Deep N-Grams: Generating Sentences

Generating New Sentences

Now we'll use the language model to generate new sentences for that we need to make draws from a Gumble distribution.

The Gumbel Probability Density Function (PDF) is defined as: \[ f(z) = {1\over{\beta}}e^{\left(-z+e^{(-z)}\right)} \]

Where: \[ z = {(x - \mu)\over{\beta}} \]

The maximum value is what we choose as the prediction in the last step of a Recursive Neural Network RNN we are using for text generation. A sample of a random variable from an exponential distribution approaches the Gumbel distribution when the sample increases asymptotically. For that reason, the Gumbel distribution is used to sample from a categorical distribution.

Imports

# python
from pathlib import Path

# from pypi
import numpy

# this project
from neurotic.nlp.deep_rnn import GRUModel

Set Up

gru = GRUModel()
model = gru.model
ours = Path("~/models/gru-shakespeare-model/model.pkl.gz").expanduser()
model.init_from_file(ours)

Middle

The Gumbel Sample

def gumbel_sample(log_probabilities: numpy.array,
                  temperature: float=1.0) -> float:
    """Gumbel sampling from a categorical distribution

    Args:
     log_probabilities: model predictions for a given input
     temperature: fudge

    Returns:
     the maximum sample
    """
    u = numpy.random.uniform(low=1e-6, high=1.0 - 1e-6,
                             size=log_probabilities.shape)
    g = -numpy.log(-numpy.log(u))
    return numpy.argmax(log_probabilities + g * temperature, axis=-1)

A Predictor

END_OF_SENTENCE = 1

def predict(number_of_characters: int, prefix: str,
            break_on: int=END_OF_SENTENCE) -> str:
    """Predicts characters

    Args:
     number_of_characters: how many characters to predict
     prefix: character to prompt the predictions
     break_on: identifier for character to prematurely stop on

    Returns:
     prefix followed by predicted characters
    """
    inputs = [ord(character) for character in prefix]
    result = list(prefix)
    maximum_length = len(prefix) + number_of_characters
    for _ in range(number_of_characters):
        current_inputs = numpy.array(inputs + [0] * (maximum_length - len(inputs)))
        output = model(current_inputs[None, :])  # Add batch dim.
        next_character = gumbel_sample(output[0, len(inputs)])
        inputs += [int(next_character)]

        if inputs[-1] == break_on:
            break  # EOS
        result.append(chr(int(next_character)))

    return "".join(result)

Some Predictions

print(predict(32, ""))
you would not live at essenomed 

Yes, but I don't know anyone who would.

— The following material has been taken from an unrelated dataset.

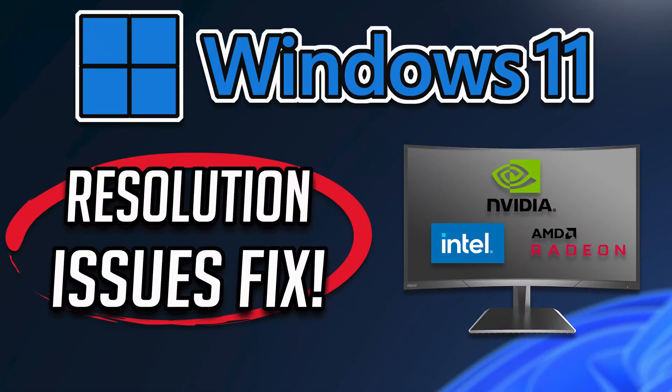If you have screen resolution issues on your Windows 11 PC, this tutorial will help you resolve this problem. This troubleshooting guide applies to NVIDIA, AMD, and Intel graphics cards.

Note that we are using a random sample, so repeatedly making predictions won't necessarily get you the same result.

print(predict(32, ""))
print(predict(32, ""))
print(predict(32, ""))
[exeunt]
katharine       yes, you are like the 
le beau where's some of my prett
print(predict(64, "falstaff"))
falstaff        yea, marry, lady, she hath bianced three months.

bianced?

print(predict(64, "beast"))
beastly, and god forbid, sir! our revenue's cannon,
start = "finger"
for word in range(5):
    start = predict(10, start)
    print(start)
finger, iago, an
finger, iago, and ask.
finger, iago, and ask.
finger, iago, and ask.
finger, iago, and ask.

So, if you feed it enough text, it becomes more deterministic.

SPACE = ord(" ")
start = "iago"
output = start
for word in range(10):
    tokens = predict(32, start).split()
    start = tokens[1] if len(tokens) > 1 else tokens[0]
    output = f"{output} {start}"
print(output)    
iago your husband if there never for you need no never

In the generated text above, you can see that the model generates text that makes sense capturing dependencies between words and without any input. A simple n-gram model would have not been able to capture all of that in one sentence.

On statistical methods

Using a statistical method will not give you results that are as good. The model would not be able to encode information seen previously in the data set and as a result, the perplexity will increase. The higher the perplexity, the worse your model is. Furthermore, statistical N-Gram models take up too much space and memory. As a result, it would be inefficient and too slow. Conversely, with deep neural networks, you can get a better perplexity. Note though, that learning about n-gram language models is still important and leads to a better understanding of deep neural networks.